Otra noche, al término del taller, Tarsilio tomó una determinación: se propuso perseguir al rey, al de las sandalias, al de la chiva blanca, al de las uñas desagradablemente largas, aunque no sucias. Perseguirlo no para acosarlo, ni para golpearlo, sino para intentar entenderlo. Así pensaba Tarsilio. Quería saber cómo vivía, con quiénes convivía, si tenía animales o plantas, si era a su vez profesor de arte, le intrigaba sobremanera el origen, desarrollo y posible muerte del hombre en cuestión. No pensaba matarlo, aunque ganas no le faltaran, además si hubiese querido hacerlo, no sabría cómo. Con esas angustias que lo atacaban, ¿cómo iba a poder manipular un cadáver hasta hacerlo desaparecer, si siempre parecía sospechoso con esas carreras que se mandaba?, ¿cómo sería entonces si de verdad llegara a convertirse en un culpable? Así que asesinar estaba descartado, al igual que suicidarse ("tampoco para tanto", decía, aunque ya comenzaba a volverse una obsesión convivir con la presencia de ese hombre en el salón, en su salón). Pero Tarsilio sólo quería entender. El rey del color, esa noche, salió un tanto apurado, daba algo de risa verlo caminar, bamboleante, de un lado a otro, cuando imprimía velocidad a sus pasos. Tarsilio iba detrás, a una distancia no tan prudencial, total, podían tomar el mismo rumbo, ¿no? El regordete se detuvo en seco y Tarsilio ahogó, cuanto pudo, un sorpresivo suspiro. El rey sacó del bolsillo derecho de su pantalón el celular y lo atendió: "Sí, diga, diga, no se escucha, intente de nuevo". Al segundo intento: "Sí, ah hola, salgo para allá, en media hora estoy, ¡muchas gracias!". Tarsilio, mientras tanto, un poco asombrado por la amabilidad con la que el otro había atendido la llamada, se quedó viendo una vidriera llena de muñecos de porcelana que asustarían a cualquiera que no fuese él, quien se había acostumbrado a una imagen que estuvo siempre colgada de la pared del cuarto de su abuela, protagonizada por unos muñecos muy similares, pero con caras algo diabólicas. Así que estos le parecieron incluso simpáticos. Luego, reanudó su marcha, tras el rey coloreador.

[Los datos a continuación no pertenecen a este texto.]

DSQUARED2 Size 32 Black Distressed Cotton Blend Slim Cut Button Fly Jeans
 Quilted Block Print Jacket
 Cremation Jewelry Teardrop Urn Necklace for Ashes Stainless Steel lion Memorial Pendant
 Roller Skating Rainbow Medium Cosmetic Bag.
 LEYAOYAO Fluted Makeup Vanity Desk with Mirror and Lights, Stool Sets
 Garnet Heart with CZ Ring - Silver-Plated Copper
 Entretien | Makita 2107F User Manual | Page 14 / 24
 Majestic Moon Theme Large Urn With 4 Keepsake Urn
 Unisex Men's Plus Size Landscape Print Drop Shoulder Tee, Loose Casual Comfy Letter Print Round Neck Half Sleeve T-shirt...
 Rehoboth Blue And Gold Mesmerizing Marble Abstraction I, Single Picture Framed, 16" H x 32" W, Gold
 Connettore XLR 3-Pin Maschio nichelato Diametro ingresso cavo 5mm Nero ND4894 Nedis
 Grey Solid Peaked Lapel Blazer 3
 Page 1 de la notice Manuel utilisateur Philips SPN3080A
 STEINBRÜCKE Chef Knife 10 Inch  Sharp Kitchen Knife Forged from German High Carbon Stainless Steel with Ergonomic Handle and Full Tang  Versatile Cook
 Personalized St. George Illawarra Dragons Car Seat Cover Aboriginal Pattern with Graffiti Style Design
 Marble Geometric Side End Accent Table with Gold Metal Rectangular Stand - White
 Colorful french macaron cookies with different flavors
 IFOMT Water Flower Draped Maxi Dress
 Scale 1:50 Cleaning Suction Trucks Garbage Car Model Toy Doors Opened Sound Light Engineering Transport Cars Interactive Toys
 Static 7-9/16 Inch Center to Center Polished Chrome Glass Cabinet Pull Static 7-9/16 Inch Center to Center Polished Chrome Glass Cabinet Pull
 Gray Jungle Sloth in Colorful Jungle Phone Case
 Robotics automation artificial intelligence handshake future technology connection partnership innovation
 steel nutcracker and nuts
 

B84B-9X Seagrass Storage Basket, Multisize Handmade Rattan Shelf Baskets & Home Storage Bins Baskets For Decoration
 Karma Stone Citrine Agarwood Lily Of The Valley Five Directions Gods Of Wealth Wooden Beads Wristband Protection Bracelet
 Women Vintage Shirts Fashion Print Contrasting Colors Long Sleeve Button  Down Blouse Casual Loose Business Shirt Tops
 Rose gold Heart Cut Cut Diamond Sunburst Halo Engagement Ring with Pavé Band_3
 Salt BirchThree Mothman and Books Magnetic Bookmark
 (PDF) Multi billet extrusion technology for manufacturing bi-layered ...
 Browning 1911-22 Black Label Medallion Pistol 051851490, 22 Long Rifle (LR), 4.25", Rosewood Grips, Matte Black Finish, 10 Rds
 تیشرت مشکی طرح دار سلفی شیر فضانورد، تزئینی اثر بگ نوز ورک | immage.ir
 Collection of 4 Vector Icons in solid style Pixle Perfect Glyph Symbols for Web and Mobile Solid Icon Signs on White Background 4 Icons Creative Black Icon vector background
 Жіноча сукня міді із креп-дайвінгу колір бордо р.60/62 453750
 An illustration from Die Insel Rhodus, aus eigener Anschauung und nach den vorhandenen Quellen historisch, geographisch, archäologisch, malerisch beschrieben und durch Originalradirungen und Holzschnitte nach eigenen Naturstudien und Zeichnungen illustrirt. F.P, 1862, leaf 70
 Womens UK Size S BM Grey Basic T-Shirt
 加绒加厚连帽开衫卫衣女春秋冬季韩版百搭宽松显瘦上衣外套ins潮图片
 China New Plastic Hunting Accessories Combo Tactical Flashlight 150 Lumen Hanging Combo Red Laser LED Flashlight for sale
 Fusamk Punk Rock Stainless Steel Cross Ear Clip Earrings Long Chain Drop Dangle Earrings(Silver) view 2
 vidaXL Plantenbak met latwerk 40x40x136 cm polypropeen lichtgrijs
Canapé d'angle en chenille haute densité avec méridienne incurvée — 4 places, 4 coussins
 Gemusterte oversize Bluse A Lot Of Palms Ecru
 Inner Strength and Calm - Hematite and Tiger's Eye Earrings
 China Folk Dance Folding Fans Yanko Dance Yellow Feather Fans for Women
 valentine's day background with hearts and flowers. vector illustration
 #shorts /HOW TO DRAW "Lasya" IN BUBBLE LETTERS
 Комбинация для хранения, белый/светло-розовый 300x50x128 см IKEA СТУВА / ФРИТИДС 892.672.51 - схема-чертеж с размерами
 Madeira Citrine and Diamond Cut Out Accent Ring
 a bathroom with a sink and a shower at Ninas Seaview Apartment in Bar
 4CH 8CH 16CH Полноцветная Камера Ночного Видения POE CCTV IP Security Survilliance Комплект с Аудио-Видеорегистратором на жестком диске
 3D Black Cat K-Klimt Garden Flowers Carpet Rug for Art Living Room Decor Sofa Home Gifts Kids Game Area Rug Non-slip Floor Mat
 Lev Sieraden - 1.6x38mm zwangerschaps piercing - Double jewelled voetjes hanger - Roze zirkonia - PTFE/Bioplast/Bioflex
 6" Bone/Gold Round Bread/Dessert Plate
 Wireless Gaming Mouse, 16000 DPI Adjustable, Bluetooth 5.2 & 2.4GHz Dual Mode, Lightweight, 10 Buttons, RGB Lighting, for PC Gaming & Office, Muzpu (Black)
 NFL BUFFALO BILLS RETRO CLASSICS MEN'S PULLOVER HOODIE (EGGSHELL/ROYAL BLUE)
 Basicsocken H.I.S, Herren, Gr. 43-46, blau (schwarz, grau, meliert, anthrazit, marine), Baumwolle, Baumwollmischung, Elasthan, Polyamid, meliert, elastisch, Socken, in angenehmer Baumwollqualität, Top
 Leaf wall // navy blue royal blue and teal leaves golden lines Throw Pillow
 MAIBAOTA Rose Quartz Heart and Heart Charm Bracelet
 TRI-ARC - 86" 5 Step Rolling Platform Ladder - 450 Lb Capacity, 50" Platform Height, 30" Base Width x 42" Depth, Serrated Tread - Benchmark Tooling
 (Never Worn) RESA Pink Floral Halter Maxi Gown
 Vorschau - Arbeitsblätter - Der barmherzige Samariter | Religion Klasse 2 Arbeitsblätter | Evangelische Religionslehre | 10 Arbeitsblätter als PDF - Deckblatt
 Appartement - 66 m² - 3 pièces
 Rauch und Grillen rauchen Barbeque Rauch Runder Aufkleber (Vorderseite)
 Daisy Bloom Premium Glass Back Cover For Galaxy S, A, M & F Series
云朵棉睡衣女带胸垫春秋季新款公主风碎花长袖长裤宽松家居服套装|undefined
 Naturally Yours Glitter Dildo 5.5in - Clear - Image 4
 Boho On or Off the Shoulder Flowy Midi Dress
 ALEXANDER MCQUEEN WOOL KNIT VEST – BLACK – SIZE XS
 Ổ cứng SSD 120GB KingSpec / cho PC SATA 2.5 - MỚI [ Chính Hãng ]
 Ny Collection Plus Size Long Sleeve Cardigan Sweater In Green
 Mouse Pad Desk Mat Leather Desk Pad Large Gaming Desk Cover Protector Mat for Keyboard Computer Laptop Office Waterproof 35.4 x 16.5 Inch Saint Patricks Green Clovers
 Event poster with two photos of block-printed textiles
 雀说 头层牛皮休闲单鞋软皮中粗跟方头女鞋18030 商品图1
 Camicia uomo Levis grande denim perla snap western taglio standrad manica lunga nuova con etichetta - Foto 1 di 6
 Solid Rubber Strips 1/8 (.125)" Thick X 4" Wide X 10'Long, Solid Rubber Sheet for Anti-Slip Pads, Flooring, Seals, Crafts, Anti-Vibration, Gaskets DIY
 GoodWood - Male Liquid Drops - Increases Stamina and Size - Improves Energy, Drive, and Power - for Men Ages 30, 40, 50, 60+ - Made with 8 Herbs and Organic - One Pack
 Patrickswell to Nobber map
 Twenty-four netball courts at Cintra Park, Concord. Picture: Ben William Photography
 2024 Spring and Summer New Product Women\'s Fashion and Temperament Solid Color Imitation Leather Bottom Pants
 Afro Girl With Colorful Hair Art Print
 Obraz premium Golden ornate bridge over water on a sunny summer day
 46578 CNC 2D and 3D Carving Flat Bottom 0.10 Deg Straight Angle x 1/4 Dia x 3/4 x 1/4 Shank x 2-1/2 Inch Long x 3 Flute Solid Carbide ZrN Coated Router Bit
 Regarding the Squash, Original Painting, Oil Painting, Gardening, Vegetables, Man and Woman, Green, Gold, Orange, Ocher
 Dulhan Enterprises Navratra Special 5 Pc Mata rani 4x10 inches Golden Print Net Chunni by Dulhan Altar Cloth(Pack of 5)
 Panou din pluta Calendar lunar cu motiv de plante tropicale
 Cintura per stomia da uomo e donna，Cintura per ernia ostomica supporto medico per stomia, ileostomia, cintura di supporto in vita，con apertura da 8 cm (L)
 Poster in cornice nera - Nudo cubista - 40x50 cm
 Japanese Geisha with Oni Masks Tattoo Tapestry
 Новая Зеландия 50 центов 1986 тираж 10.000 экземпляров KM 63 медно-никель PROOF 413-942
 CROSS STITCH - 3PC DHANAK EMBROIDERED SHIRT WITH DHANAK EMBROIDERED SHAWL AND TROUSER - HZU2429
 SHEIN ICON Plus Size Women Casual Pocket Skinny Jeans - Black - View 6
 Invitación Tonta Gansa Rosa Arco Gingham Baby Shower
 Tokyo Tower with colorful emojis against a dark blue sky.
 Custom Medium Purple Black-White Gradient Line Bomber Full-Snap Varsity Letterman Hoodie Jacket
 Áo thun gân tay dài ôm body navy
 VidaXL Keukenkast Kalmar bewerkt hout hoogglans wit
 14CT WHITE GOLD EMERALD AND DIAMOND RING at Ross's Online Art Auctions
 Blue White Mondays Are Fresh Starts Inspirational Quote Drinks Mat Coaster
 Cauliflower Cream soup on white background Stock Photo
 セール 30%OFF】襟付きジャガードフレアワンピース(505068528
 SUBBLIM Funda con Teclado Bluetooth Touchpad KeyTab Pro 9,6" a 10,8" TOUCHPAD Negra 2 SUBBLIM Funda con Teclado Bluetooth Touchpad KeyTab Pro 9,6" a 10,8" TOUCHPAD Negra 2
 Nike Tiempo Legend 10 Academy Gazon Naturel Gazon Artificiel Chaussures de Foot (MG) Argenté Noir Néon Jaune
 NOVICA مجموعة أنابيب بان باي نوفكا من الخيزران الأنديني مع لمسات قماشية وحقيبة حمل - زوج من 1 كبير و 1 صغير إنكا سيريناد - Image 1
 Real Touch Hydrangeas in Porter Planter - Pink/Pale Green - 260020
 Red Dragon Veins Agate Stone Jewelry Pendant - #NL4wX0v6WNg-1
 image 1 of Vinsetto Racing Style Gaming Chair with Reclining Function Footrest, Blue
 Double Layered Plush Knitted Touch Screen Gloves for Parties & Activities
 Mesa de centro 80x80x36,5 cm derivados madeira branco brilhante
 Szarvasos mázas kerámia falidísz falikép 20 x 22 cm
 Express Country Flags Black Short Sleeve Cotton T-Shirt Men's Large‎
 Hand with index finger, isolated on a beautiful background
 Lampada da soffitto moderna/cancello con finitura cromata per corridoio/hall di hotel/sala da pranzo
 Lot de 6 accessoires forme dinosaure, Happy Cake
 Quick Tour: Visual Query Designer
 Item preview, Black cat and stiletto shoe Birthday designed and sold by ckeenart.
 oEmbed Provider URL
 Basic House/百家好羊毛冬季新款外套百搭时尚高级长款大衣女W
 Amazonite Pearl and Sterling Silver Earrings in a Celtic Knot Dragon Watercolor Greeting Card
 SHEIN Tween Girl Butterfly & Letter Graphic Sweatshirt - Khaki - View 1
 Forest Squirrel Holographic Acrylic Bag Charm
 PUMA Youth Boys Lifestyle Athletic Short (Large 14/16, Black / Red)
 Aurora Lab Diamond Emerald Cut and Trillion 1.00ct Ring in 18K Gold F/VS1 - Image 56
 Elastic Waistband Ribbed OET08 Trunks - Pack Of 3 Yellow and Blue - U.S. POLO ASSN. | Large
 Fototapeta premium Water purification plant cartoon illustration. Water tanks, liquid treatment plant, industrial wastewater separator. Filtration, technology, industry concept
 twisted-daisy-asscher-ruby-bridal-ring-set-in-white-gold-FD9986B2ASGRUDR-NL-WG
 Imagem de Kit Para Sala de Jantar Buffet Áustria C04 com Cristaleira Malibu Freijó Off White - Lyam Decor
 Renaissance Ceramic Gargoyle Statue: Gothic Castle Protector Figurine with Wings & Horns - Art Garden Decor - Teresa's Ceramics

Éste apuró todavía más su paso, casi trotando, se detenía cada dos o tres esquinas a tomar un poco de aire, ya que la barriga le apretaba hasta los pulmones (así pensaba Tarsilio, y reía para sus adentros).

Luego, el rey detuvo un taxi y se subió. Cual película, Tarsilio tomó un taxi, a su vez, y le indicó (cosa que siempre quiso hacer) al conductor que acelerara y siguiera al otro taxi, sin dar muchas explicaciones, sólo acotando que había olvidado entregarle a su padre unos pinceles que dejó olvidados en el instituto. El taxista, a quien mucho la explicación no le importaba, hizo caso omiso de la misma, y emprendió su rumbo, total, él siempre quiso seguir otro auto, como ocurría precisamente en los films. Al llegar a su destino, el rey coloreador bajó del taxi aún más apurado y Tarsilio, a su vez, lo siguió.



¡Cuál no fue la sorpresa de nuestro angustiado perseguidor! El rey de la arrogancia colorífera, bastante apurado, casi corriendo, entró en una galería de arte, cuyo pasillo hacia la izquierda, lo dirigía a una habitación separada, repleta de espejos de todo tipo (ovalados, cuadrados, rectangulares, grandes, minúsculos), en la cual saludó, efusivamente, a un vendedor, estrechando su mano con afecto. Éste se encontraba claramente agradado de ver al rey, quien por su parte se había detenido frente a uno de esos espejos, después del saludo, había dejado caer sutilmente al lado de su pierna izquierda el maletín con los elementos de pintura empleados, se había acomodado la barba, le había sonreído a su graciosa y robusta imagen, había hecho una pregunta inaudible para nuestro perseguidor al vendedor, el cual, al responderle, acotó: "Para ti 300, 20% de rebaja, una ganga, por ser siempre mi gran crítico de arte al que nunca escucho y al que probablemente nunca escucharé, mi potencial curador, mi amigo de la infancia, Tarsilio".